Teams need enough turnover from year to year to keep from getting stale. Too much continuity and it is difficult for the next year's team to have enough of its own identity to stay motivated and hungry in the face of success. Provided enough talent and leadership returns to fill the void, the departure of key contributors from a prior year actually helps keep things fresh and hungry as the new replacements want to live up to or exceed their predecessors.

True to form, the mantra around the program right now is, "We aren't defending anything," with coaches and players alike insisting that despite many returning players, this is an entirely different team with new goals. In addition, it is not as though the current upperclassmen have not also experienced significant disappointments (e.g., NC State and Florida in 2012). The pain of those failures helped drive the 2013 team, and it is not as though those moments have been forgotten within the program just yet.

I also think the defensive staff changes may also help somewhat in that respect, as it helps reinforce that this is a different year with new challenges. But because the changes were limited, the current staff should also be able to build on the foundation laid last year, adding wrinkles and refining rather than making significant enough changes to cause problems.

Last year's team was perhaps the most thoroughly bought into process-oriented thinking—taking each play, each practice, each game one at a time—of any team I've ever been around. That hunger and focus, which came straight from the leadership in the locker room, was evident in the way that team mowed through its regular season with a level of consistency and dominance rarely seen in the modern era. The question ultimately is whether FSU is able to sustain that level of focus through a new season.

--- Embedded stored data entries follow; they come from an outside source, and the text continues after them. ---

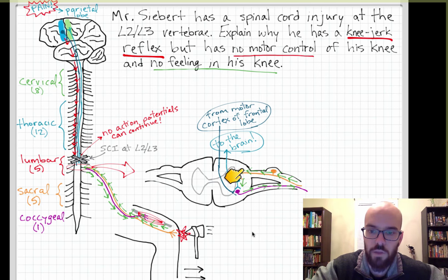Hopefully this was helpful in understanding my disability — why I have a knee-jerk reflex but no motor control or feeling in areas controlled by the L2-L3 nerves and below. I hope you enjoyed the video. Thanks for watching.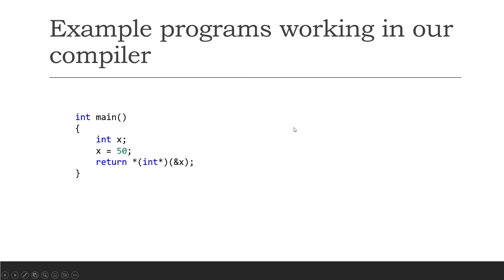So this is definitely the course for you if you want to learn compiler development. This course took two years to build and I very much hope you will love every module. Thanks for watching.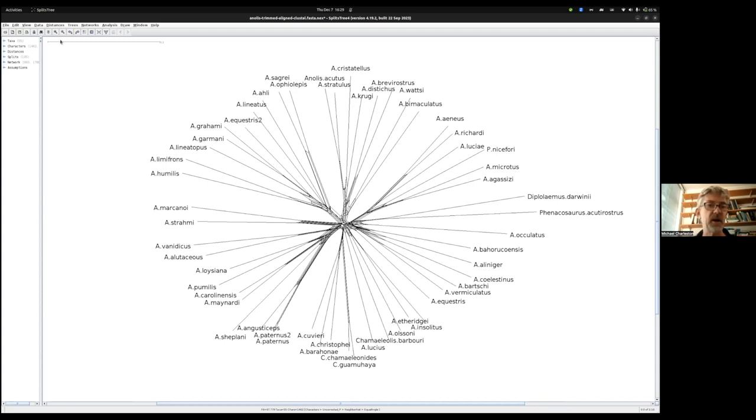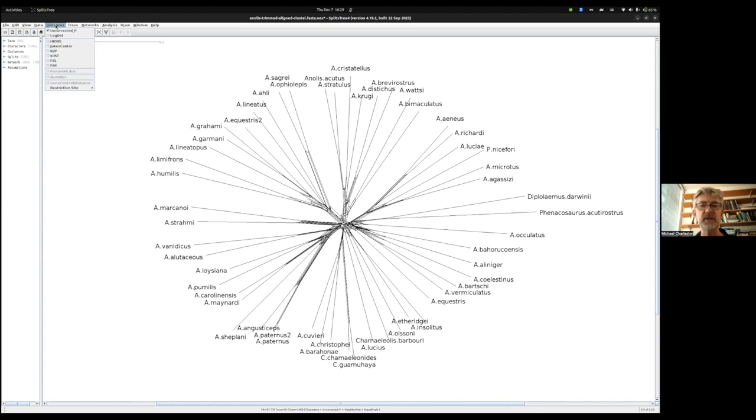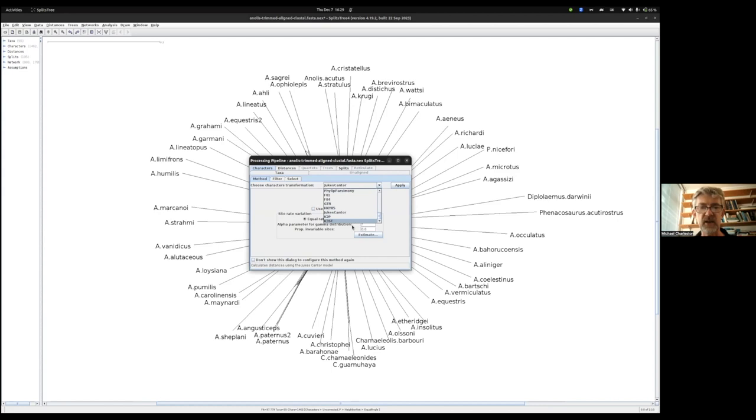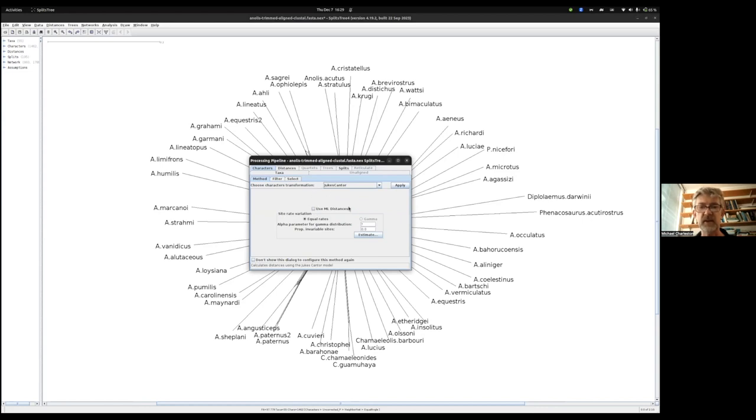I'm now going to change distance measure. We're going to go with our simplest of the substitution models, the Jukes-Cantor model. That's just one parameter. When I select that, a dialog pops up. I can select other options, but I'm not going to just for the tutorial. I'm simply going to apply.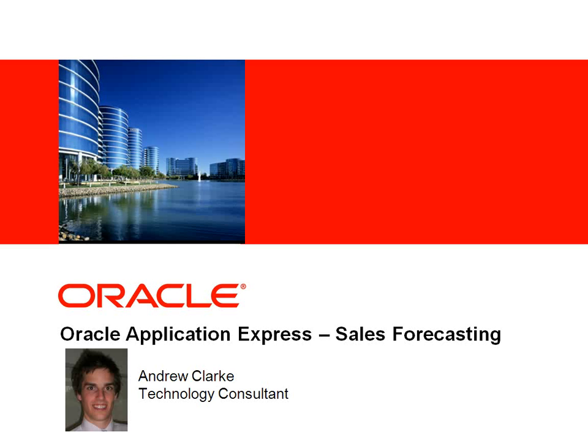Hello and welcome to this presentation on Application Express. My name is Andrew Clark and I am a technology consultant based in Sydney, Australia. Today I am going to be demonstrating the Sales Forecasting Packaged application.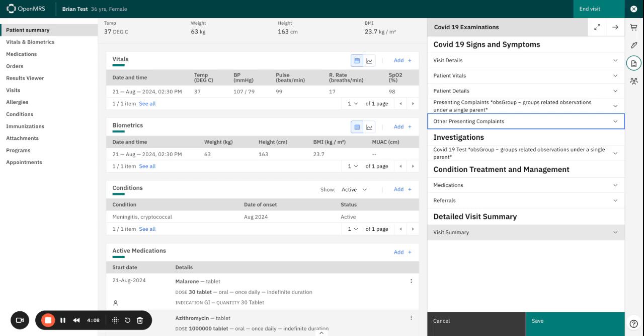We configured question properties, implemented a number of validation rules, and we have finally published our form. There's still much to discover in the realm of form building, and I highly recommend that you visit the OpenMRS wiki for additional resources.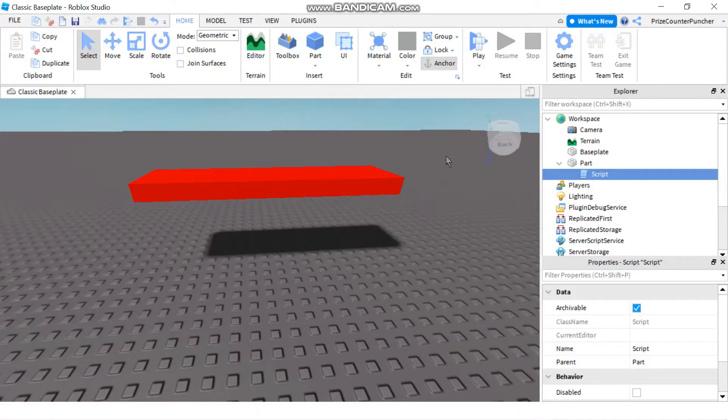Hello everyone and welcome back. In today's tutorial we're going to talk about debouncing in Roblox.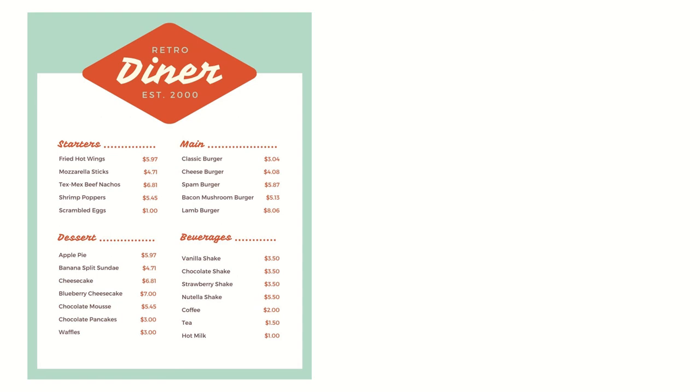Let's try one more. If I wanted to get shrimp poppers, a cheeseburger, and a vanilla shake, how much would it cost? The cost of the shrimp poppers is $5.45. The cost of the cheeseburger is $4.08. The cost of the vanilla shake is $3.50.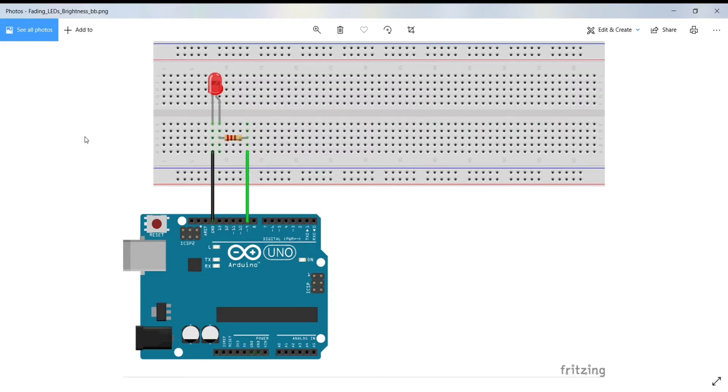Hello, in this video, I am going to show you how to fade or change the brightness of an LED using Arduino Uno.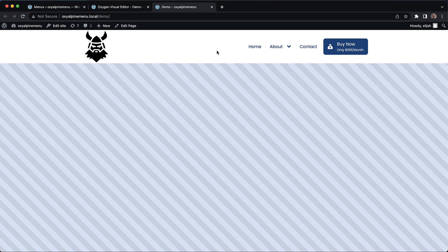So that's pretty much everything I have to show you with this brand new element in Oxygen 4.3. Again, this is Elijah with the Oxygen team and thank you very much for watching.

At the end of the day, I think Florida State has developed a process-centered culture in which that approach (reinforced by its success last year) has gotten ingrained within the leadership of the team and is getting passed down to the younger players in the program. There's of course no guarantee the Seminoles repeat their title run in 2014, but I don't see this team losing focus or motivation. If this team is going to lose, somebody's going to have to beat them.